# Bridgeport M-head lubrication questions



## amuller (Apr 3, 2018)

I"m about to get to assembling my M-head.  As people will know, this normally uses a once-through drip system where oil from an oiler passes through the pulley bearings, then the spindle bearings, and eventually drips out to make a mess on the table, or gets spun off the spindle so it can be breathed.  An alternative is to grease the bearings, and I've heard that B'port did install greased bearings on some machines where oil wasn't wanted.  I don't know what if any seals they used.

What would you suggest I do know?  Grease, or stick with oil?  

If sticking with oil, I think I should use an oiler with an on-off lever and visible dripping so as to be able to regulate the feed rate.  Any specific suggestions?

Thank you very much.


----------



## benmychree (Apr 3, 2018)

I had an M head that I used on an old B&S mill that I used to have; the oiler was a big Gits type, maybe 3/4" diameter and one inch high that has a standpipe inside and a wick (a pipe cleaner works nicely) that supplied the (small) quantity of oil needed, there was no big issue with dripping oil mess, and no need to fill the oiler full up every time.  I think why they used oil rather than grease was that this unit was a "high speed" head, I'm supposing that grease would cause overheating when operated at the higher speeds.  The pipe cleaner wick is inserted with one end down the standpipe and a bit beyond the bottom of the oiler and the other end into the reservoir, part of it can be loosely coiled around the standpipe.
I think using a drip oiler would likely lead to much more oil being used than would be necessary.  with the wick oiler, I'd just give it a little squirt before starting work.


----------



## amuller (Apr 4, 2018)

benmychree said:


> I had an M head that I used on an old B&S mill that I used to have; the oiler was a big Gits type, maybe 3/4" diameter and one inch high that has a standpipe inside and a wick (a pipe cleaner works nicely) that supplied the (small) quantity of oil needed, there was no big issue with dripping oil mess, and no need to fill the oiler full up every time.  I think why they used oil rather than grease was that this unit was a "high speed" head, I'm supposing that grease would cause overheating when operated at the higher speeds.  The pipe cleaner wick is inserted with one end down the standpipe and a bit beyond the bottom of the oiler and the other end into the reservoir, part of it can be loosely coiled around the standpipe.
> I think using a drip oiler would likely lead to much more oil being used than would be necessary.  with the wick oiler, I'd just give it a little squirt before starting work.

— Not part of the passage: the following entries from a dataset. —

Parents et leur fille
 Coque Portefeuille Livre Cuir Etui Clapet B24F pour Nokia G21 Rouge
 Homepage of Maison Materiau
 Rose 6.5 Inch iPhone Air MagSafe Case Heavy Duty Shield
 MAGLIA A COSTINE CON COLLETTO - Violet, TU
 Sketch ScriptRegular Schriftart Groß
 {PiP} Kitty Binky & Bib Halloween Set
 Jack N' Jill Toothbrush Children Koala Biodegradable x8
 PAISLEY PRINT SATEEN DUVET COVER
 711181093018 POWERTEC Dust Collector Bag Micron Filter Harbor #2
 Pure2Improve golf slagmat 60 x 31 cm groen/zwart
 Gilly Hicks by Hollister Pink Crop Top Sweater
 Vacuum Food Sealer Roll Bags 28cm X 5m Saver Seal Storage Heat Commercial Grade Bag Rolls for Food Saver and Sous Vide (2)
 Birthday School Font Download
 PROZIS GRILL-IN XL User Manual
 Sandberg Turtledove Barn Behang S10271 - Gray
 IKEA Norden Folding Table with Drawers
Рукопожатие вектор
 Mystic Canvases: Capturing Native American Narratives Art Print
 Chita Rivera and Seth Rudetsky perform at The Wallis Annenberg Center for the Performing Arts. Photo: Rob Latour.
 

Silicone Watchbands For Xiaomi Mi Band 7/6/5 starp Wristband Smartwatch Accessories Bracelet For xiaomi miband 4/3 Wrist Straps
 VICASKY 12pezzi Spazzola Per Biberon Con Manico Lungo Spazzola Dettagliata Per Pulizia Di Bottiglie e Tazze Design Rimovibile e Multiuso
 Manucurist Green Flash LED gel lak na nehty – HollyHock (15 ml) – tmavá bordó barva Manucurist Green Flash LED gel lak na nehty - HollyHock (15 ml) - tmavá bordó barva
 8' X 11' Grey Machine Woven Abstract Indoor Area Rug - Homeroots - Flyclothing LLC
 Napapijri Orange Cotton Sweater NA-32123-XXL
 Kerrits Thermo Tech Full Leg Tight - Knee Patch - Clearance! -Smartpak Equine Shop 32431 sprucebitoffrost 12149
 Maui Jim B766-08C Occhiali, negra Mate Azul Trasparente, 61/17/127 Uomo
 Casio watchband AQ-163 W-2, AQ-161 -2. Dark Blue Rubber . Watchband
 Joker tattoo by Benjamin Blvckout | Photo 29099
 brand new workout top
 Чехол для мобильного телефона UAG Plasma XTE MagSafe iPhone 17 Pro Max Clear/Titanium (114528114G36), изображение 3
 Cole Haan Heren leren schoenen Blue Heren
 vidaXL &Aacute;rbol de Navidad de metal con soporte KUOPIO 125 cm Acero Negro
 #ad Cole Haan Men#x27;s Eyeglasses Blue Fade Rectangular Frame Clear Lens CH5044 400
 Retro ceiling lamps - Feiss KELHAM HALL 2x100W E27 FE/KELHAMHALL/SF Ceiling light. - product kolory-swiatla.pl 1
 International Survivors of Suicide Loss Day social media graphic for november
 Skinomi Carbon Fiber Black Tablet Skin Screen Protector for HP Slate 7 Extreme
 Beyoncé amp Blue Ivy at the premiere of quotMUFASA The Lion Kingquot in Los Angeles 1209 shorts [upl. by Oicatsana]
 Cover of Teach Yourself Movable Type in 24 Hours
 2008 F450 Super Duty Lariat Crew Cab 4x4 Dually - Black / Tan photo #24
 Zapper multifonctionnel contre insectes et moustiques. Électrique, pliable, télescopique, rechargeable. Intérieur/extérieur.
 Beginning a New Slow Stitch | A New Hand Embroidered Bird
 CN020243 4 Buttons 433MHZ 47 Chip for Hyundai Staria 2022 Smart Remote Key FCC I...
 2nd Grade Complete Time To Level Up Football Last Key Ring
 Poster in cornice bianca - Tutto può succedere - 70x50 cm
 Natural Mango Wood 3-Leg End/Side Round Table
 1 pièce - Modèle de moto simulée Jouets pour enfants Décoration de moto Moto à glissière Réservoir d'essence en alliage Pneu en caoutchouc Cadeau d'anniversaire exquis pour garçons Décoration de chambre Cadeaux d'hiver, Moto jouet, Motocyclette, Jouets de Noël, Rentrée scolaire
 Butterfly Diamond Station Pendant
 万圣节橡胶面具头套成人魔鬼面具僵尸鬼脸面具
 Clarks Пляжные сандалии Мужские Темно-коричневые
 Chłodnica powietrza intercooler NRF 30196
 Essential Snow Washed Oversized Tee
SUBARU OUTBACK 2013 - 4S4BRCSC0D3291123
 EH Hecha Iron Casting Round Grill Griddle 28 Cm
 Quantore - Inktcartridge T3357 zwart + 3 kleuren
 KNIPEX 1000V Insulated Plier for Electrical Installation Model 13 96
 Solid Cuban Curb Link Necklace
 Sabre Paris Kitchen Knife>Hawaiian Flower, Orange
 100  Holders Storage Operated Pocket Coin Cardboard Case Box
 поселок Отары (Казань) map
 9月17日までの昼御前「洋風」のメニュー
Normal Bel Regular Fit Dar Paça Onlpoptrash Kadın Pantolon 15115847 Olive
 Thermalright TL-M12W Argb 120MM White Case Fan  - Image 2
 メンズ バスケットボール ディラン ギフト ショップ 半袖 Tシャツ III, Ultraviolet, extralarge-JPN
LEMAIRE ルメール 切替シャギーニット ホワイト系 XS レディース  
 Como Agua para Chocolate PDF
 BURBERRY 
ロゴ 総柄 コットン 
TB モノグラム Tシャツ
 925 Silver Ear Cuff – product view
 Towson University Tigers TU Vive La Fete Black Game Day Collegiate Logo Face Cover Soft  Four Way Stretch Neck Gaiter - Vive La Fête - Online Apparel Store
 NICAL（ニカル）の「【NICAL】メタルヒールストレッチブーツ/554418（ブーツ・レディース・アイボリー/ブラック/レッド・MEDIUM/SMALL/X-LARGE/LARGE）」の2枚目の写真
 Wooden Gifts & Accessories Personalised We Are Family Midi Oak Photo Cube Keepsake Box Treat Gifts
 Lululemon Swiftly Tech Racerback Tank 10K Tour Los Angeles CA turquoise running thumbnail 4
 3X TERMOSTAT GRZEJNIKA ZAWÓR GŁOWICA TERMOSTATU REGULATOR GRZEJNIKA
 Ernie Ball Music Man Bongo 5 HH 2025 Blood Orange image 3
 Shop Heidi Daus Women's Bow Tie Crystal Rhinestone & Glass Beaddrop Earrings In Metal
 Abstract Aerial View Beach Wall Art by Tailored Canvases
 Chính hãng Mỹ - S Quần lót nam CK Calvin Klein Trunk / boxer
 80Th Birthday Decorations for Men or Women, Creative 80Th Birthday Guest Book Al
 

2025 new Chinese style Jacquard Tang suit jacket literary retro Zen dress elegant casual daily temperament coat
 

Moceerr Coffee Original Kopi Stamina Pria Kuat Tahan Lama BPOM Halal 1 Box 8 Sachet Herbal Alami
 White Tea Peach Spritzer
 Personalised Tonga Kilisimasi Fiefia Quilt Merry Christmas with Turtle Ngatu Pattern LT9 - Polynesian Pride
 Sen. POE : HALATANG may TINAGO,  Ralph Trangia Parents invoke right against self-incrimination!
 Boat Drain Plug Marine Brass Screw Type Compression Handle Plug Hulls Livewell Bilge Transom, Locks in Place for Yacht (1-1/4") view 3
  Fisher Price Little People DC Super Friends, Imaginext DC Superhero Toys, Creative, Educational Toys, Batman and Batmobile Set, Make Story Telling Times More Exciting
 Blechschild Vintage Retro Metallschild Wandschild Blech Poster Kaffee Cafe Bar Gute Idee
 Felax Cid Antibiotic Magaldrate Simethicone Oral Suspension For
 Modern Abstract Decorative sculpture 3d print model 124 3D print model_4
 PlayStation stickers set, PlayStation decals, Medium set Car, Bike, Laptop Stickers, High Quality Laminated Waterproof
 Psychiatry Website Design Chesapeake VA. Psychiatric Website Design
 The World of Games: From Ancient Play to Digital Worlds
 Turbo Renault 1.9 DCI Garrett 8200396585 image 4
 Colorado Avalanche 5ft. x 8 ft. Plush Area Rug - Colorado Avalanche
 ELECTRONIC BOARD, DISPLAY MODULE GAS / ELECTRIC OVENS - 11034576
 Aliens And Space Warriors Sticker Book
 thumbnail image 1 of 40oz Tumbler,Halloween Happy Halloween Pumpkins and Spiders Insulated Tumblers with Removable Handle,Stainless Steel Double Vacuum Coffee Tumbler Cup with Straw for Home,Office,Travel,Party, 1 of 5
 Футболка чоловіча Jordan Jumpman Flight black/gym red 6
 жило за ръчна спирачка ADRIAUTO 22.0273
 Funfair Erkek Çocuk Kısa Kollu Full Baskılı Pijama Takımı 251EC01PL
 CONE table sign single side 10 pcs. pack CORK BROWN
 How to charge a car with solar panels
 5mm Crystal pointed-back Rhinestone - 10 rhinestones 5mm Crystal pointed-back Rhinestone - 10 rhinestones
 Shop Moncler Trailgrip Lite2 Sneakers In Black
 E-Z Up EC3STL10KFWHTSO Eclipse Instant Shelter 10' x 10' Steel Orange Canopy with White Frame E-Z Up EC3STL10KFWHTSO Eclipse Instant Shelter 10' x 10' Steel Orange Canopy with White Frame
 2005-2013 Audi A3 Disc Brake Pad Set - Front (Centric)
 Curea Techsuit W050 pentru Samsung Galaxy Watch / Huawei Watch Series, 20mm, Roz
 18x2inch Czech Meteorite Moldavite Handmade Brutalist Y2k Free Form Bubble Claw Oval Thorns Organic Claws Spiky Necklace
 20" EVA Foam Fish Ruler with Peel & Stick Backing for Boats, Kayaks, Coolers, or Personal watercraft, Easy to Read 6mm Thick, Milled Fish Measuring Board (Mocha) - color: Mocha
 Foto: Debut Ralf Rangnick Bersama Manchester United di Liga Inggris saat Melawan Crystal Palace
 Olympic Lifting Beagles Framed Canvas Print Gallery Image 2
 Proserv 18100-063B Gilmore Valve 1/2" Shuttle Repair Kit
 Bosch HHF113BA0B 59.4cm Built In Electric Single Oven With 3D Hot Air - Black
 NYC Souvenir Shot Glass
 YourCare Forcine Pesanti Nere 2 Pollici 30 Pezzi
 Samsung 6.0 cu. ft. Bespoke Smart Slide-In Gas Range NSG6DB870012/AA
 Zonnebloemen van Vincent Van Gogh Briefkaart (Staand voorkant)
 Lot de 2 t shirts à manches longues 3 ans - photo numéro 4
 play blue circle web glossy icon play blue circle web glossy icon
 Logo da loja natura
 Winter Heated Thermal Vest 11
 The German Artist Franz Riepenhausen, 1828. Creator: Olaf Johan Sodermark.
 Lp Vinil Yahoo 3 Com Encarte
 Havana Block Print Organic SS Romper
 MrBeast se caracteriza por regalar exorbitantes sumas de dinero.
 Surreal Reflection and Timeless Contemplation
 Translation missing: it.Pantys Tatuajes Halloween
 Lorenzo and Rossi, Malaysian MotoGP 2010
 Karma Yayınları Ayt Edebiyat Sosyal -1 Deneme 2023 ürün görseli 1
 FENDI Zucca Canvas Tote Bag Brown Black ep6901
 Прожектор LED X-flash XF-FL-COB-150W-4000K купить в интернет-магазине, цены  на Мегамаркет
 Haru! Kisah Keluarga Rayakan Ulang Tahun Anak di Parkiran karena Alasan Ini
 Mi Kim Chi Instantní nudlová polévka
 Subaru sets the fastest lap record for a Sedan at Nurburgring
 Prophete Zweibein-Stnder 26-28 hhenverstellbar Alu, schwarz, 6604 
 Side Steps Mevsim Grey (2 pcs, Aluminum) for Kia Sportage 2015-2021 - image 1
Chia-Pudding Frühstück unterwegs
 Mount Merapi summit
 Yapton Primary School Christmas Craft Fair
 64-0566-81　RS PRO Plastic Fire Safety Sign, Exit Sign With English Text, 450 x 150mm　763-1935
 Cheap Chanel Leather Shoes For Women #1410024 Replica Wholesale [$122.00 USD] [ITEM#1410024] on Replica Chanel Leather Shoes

Thanks for the input.  There are four oilers of they type you describe on my shaper ram and they seem to work well in that application.  I made wicks out of fat pipe cleaners and I suspect they may feed a bit more than necessary but that could be reduced with a different wick material.  Of course, they feed constantly until they empty out.  On the M-head, I think the normal speeds are well within the "grease" range but of course fresh clean oil is ideal whereas grease will eventually dry up.  Now that I think about it, there was a smashed GITS wick oiler on the head.  GITS is still around and makes wick oilers, but they are expensive, like 40-50 bucks.  But it seems a simple device to make.  https://www.mscdirect.com/browse/tn...Cups?navid=12107473#navid=12107473+4287420061


----------